When Ryan Howard took a called third strike on Saturday night, ending Game 6 of the National League Championship Series and denying the Philadelphia Phillies a chance at their third straight trip to the World Series, it closed the book on a year where the team made no shortage of bold moves to stay atop the National League.
Those moves, of course, came at quite a cost; the Phillies unloaded six players to get Roy Halladay and Roy Oswalt, whom they will pay a combined $36 million next year. The Halladay deal caused Philadelphia to part with Cliff Lee, whose postseason for the Rangers in 2010 has been as stellar as his playoff performance with the Phillies in 2009. And everything they’ve wrapped up in their pitchers could necessitate changes in the core of position players they’ve developed over the last five years,
Outfielder Jayson Werth, a free agent after this season, isn’t expected back. Raul Ibanez and Brad Lidge are free agents after next season. So is shortstop Jimmy Rollins, who’s still beloved in Philadelphia but is coming off a disappointing, injury-plagued season. Oswalt has an option in 2012, and if he isn’t retained, four key players from this year’s Phillies team could be gone by 2012.

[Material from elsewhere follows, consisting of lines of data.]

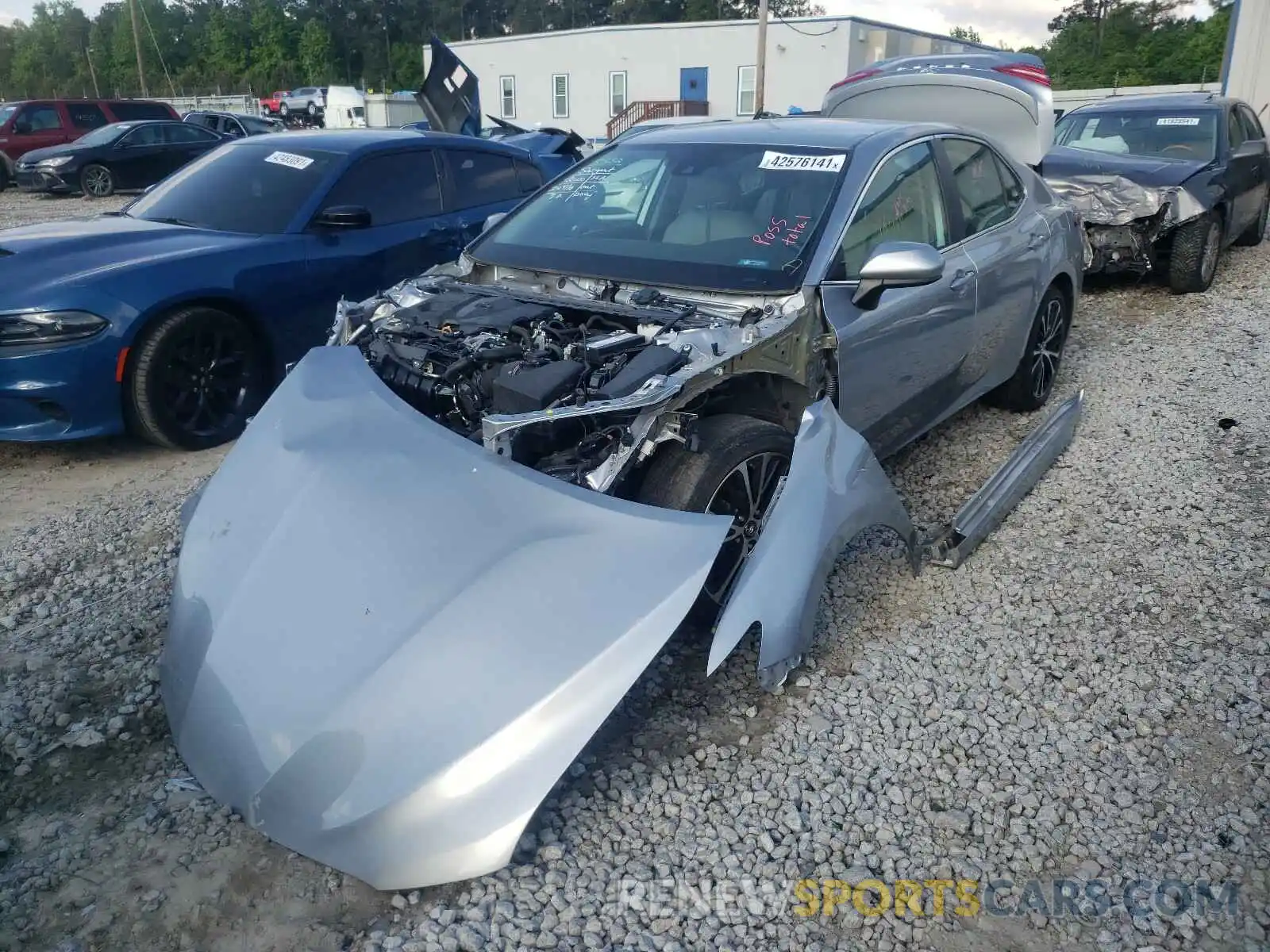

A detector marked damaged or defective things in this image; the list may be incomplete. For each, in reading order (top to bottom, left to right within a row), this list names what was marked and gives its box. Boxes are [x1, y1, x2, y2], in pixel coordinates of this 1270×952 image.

front wheel of damaged car [125, 307, 269, 451]
crumpled fender [162, 347, 731, 893]
damaged car hood on ground [166, 347, 737, 893]
silver damaged car [161, 102, 1082, 889]
silver damaged sedan [164, 113, 1087, 893]
damaged front end of silver car [164, 270, 1087, 893]
front wheel of damaged car [640, 416, 787, 627]
crumpled fender [711, 401, 919, 685]
front wheel of damaged car [980, 286, 1072, 413]
damaged front end of silver car [1046, 174, 1203, 275]
front wheel of damaged car [1163, 213, 1224, 294]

That, not coincidentally, is the year the Nationals expect to be ready to compete in the NL East. They’ll have Stephen Strasburg back by then, and depending on how he develops, Bryce Harper could be knocking on the door of the majors by then (Harper, by the way, went 2-for-4 in the Arizona Fall League on Saturday night, DHing for the Scottsdale Scorpions in their win over Phoenix).
How the Nationals handle themselves this winter, then, will be interesting to watch. Their much-publicized desire to add a top-end starter would almost have to be filled this winter, since there won’t be many aces available next year unless CC Sabathia opts out of his contract or the Cardinals decide not to pick up Adam Wainwright’s option.

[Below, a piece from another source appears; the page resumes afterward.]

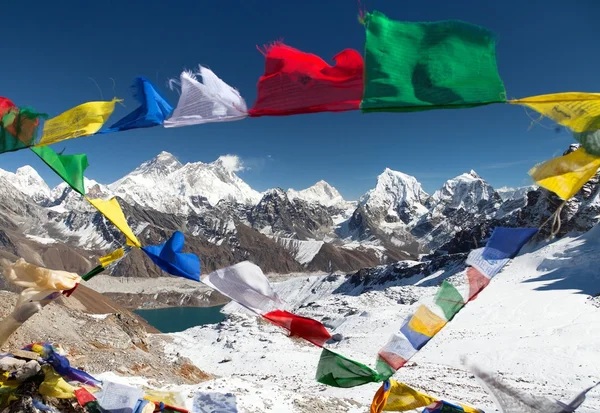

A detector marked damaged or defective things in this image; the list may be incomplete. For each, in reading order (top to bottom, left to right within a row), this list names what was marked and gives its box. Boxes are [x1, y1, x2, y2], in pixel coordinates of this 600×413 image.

tattered white flag [163, 65, 247, 127]
tattered white flag [202, 260, 282, 316]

And if they get a temporary solution at first base this winter, they could make a play for Adrian Gonzalez or Prince Fielder, either by trade next summer or with a big contract next winter. It might make more sense to chase one of those players than to make a long-term commitment to Adam Dunn or a lesser free agent this winter. Both Gonzalez and Fielder would be expensive, but if the Nationals can add a pitcher this offseason and take a run at one of the two next year, they’d be in line for a surge in 2012.

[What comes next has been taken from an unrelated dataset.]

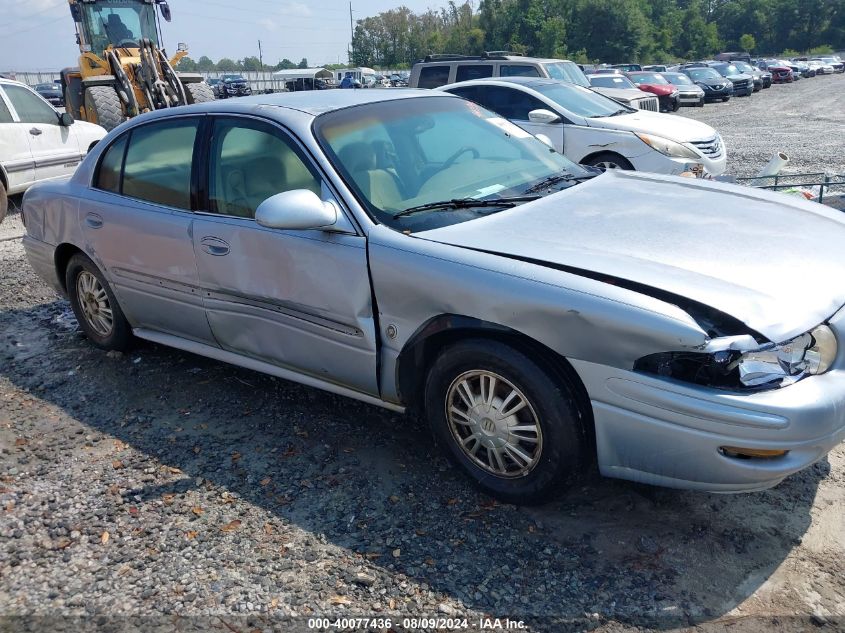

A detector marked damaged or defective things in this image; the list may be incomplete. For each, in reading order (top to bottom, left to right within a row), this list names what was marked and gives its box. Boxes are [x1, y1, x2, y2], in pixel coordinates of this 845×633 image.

All that, obviously, is several moves away. But the point is, the Nationals’ pre-2011 offseason needs to be viewed with 2012 in mind. Catching the Phillies next year still looks to be difficult, and there’s no telling how Philadelphia will set itself up for 2012. The gap between the Phillies and Nationals, though, could get a lot smaller before 2012. That’s the season the team’s braintrust is most optimistic about at this point, and with the uncertainty ahead of the Phillies, it could benefit the Nationals to build with 2012 in mind.